> TASK ITEM:
Only the lines from the one containing "Welcome to Little" through the end of the entries are wanted, retyped exactly and without pictures.

> PROVIDED DATA:
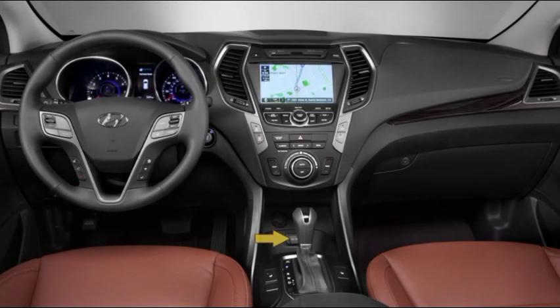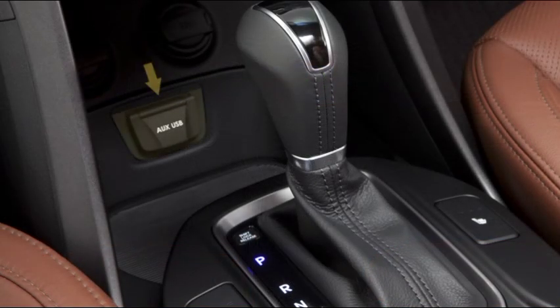The standard auxiliary jack and USB port enables passengers to connect a USB flash drive, MP3 player, or iPod.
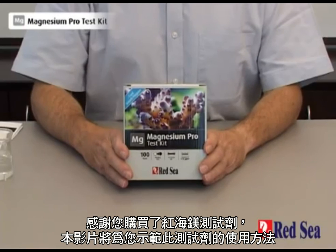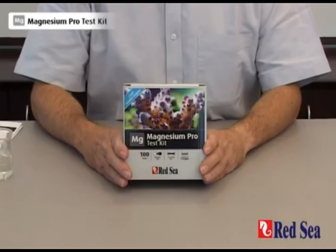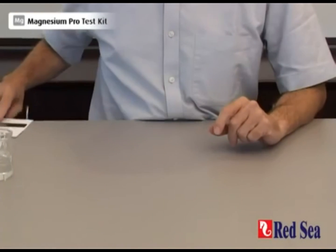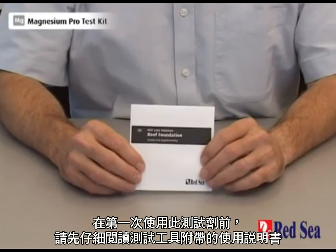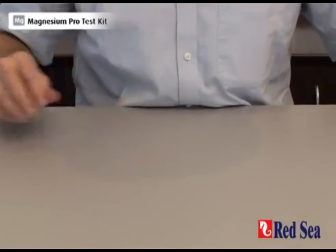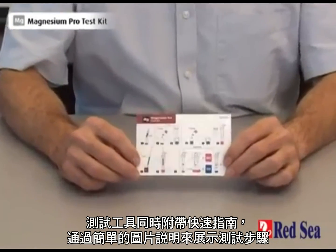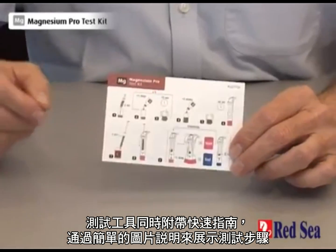Thank you for buying Red Sea's Magnesium Pro test kit. The purpose of this video is to demonstrate how the test is performed. Before using the test for the first time, make sure you carefully read the instructions in the manual provided with the kit. The kit also comes with a complete quick guide showing the stages of the test in simple graphic instructions.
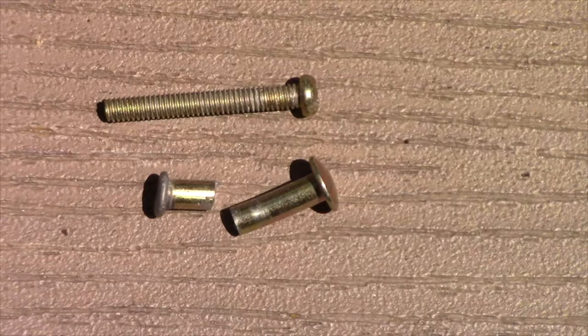A bolt of similar size needs to be used to secure the support arm to the umbrella rib.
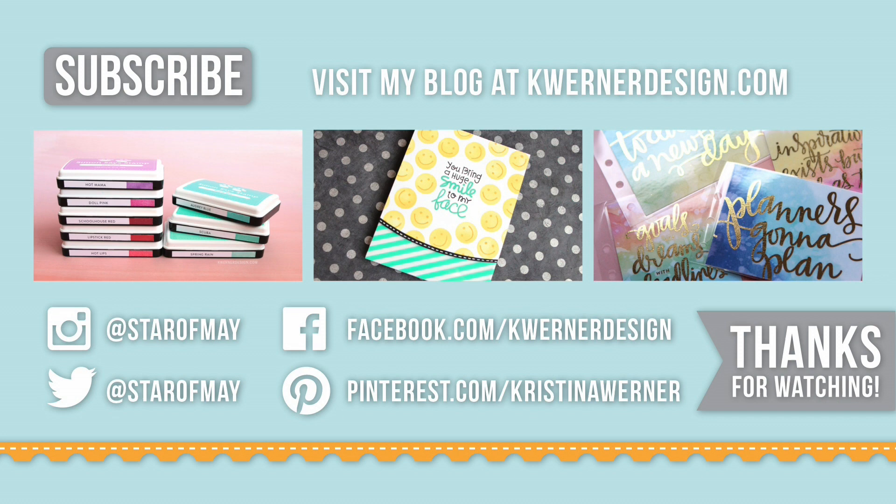Thanks again for watching today's video. On screen right now are my three most recent videos if you want to check them out. You can catch me on my blog at kingwernerdesign.com and also on Instagram, Twitter, Facebook, and Pinterest. You can subscribe in that top corner — that means that when you log into YouTube and go to your subscription page, all of my latest and newest videos will show up right there and you won't miss any of them. Thanks so much for watching and I'll catch you guys tomorrow for another video.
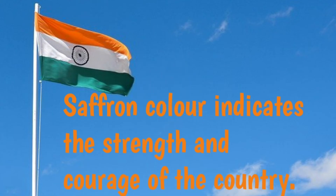First is Saffron. Saffron color indicates the strength and courage of the country.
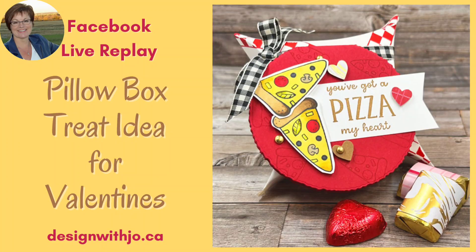Hi Paper Crafters, welcome to another Design with Jo video. I'm Joanne Rogers, a Stampin' Up demonstrator in Central Alberta, Canada, and I've been designing with you in mind since 1999.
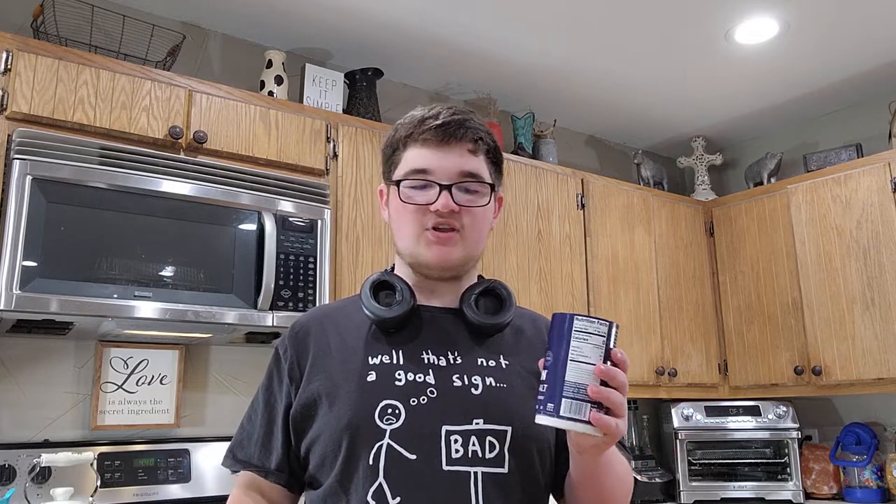I don't actually have kosher salt, so I'm going to be using ionized salt. If you have the same problem and need to compromise, there will be a little link up in the top right-hand corner that should have a conversion chart of how many tablespoons or teaspoons you need to put in for ionized salt to equal kosher salt.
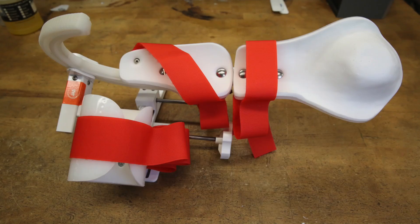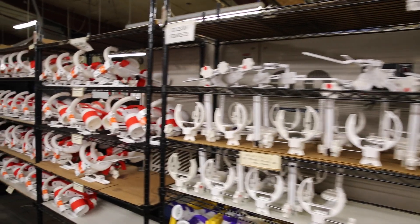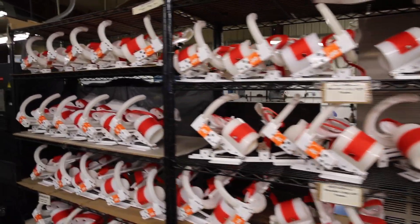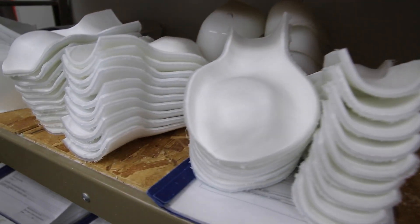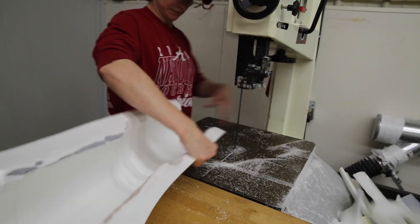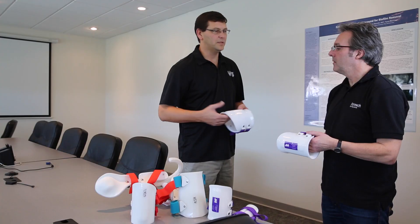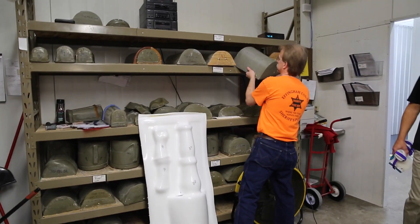This is actually a shoulder device. We supply cuffs for about 1,500 to 2,000 customers a month. Some devices take three cuffs, some devices take two cuffs depending on the device. Usually a therapist measures the patient for their sizes, and then we have sizing charts that the measurements are compared against to determine which size of cuffs.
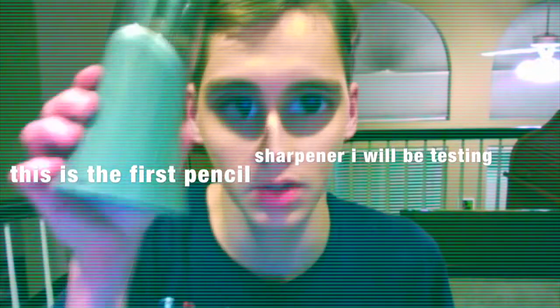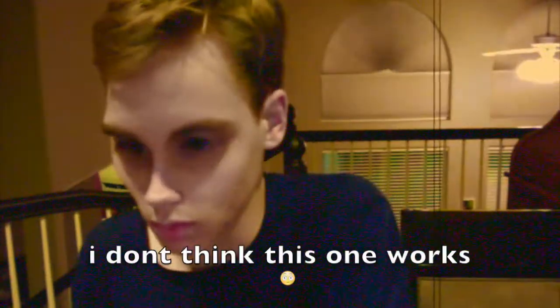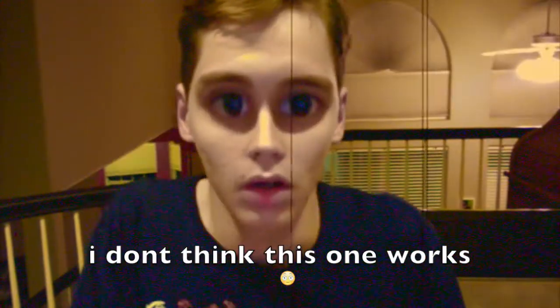This is the first pencil sharpener I will be testing. I don't hear anything, and the pencil is still very dull, so I don't think this one works. I rate that one a 2 on a scale of 1 to 13.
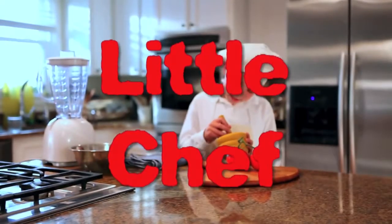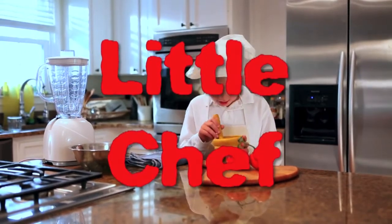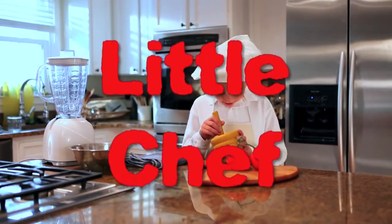Welcome to Little Chef, where the chef is a kid and the adults have to stay out of the kitchen. Now here's your host, Tommy Little.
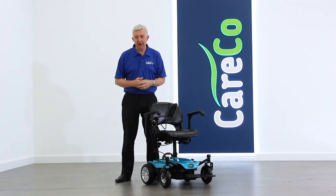Thank you for purchasing the Fenix Powerchair. We've put together this short video to help you with its assembly and also to make sure you get the very most out of your new Careco product.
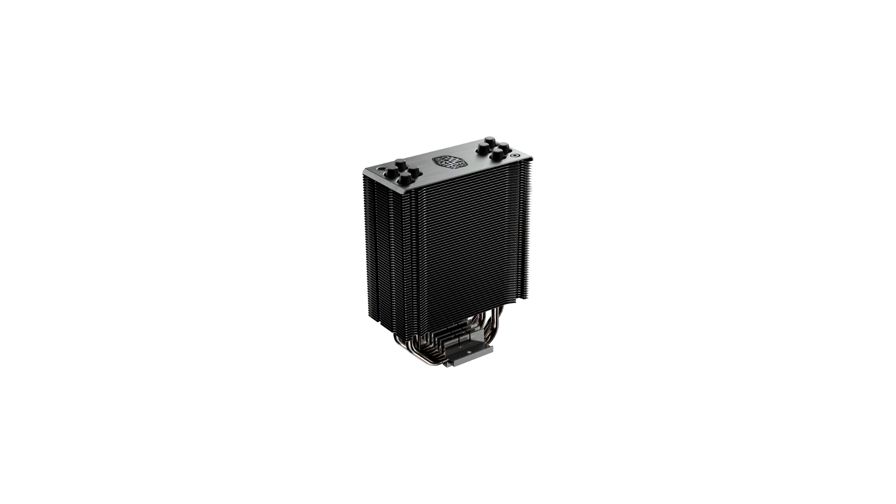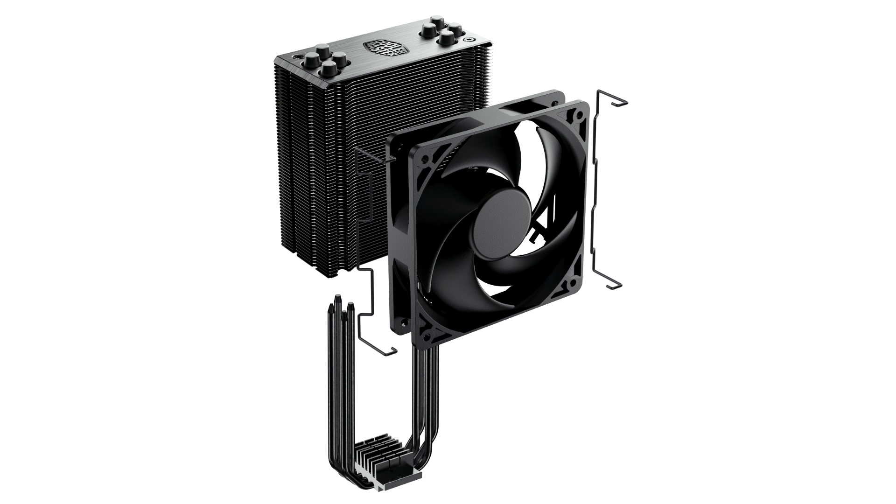The assembly is not complicated, but the details could be a little better — for example, the nuts may have thicker washers. All in all, the Cooler Master Hyper 212 Black Edition is a chic cooler that can also do its job very quietly. The cooler is currently priced at €32, which is really fair. However, this is exactly where the Arctic Freezer 34 Esports Duo moves, which performs a little better with its two fans.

> RESPONSE TO THIS EXERCISE:
Welcome to Little Chef, where the chef is a kid and the adults have to stay out of the kitchen. Now here's your host, Tommy Little.
Thank you for purchasing the Fenix Powerchair. We've put together this short video to help you with its assembly and also to make sure you get the very most out of your new Careco product.
The assembly is not complicated, but the details could be a little better — for example, the nuts may have thicker washers. All in all, the Cooler Master Hyper 212 Black Edition is a chic cooler that can also do its job very quietly. The cooler is currently priced at €32, which is really fair. However, this is exactly where the Arctic Freezer 34 Esports Duo moves, which performs a little better with its two fans.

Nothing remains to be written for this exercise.